Specific duties of the Intelligence Analyst may include: preparing all-source intelligence products; providing Intelligence, Surveillance, and Reconnaissance (ISR) Synchronization support; processing incoming reports and messages; determining the significance and reliability of incoming information; establishing and maintaining systematic, cross-referencing intelligence records and files; integrating incoming information with current intelligence holdings; and preparing and maintaining enemy situational graphics.
* Preparing all-source intelligence products to support the combat commander
* Assessing the significance and reliability of incoming intelligence collection
* Establishing and maintaining systematic, cross-reference intelligence records and files
Some of the Skills You’ll Learn
* Critical thinking
* The ability to use sophisticated mapping tools, intelligence networks, and systems to identify the evolving threat on the battlefield
* Gather information utilizing premier digital and analytical tools to create products for the Commander
* Analytical thinking; gathering information, and understanding of relevancy
* Interest in reading maps and charts
More than any other branch of service, the Army National Guard offers a wide range of intelligence-related positions.

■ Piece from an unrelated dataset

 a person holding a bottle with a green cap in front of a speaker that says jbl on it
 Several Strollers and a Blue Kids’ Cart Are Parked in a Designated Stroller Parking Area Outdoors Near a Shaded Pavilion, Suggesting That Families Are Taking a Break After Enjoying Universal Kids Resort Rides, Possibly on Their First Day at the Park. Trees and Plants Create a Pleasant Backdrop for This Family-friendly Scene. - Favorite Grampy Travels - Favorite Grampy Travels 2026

Through your training, you will develop skills and experience to create opportunities for a civilian career with federal agencies like the National Security Agency.
Earn While You Learn
Instead of paying to learn these skills, get paid to learn. In the Army National Guard, you will learn these valuable job skills while earning a regular paycheck and qualifying for tuition assistance and certifications. Job training for an Intelligence Analyst consists of 10 weeks of Basic Training, where you’ll learn basic Soldiering skills, and 13 weeks of Advanced Individual Training (AIT) and on-the-job instruction, including practice in intelligence gathering. You’ll learn in the classroom and gain experience in the field. Completion of your initial entry training in the Army National Guard could also lead to additional college credit.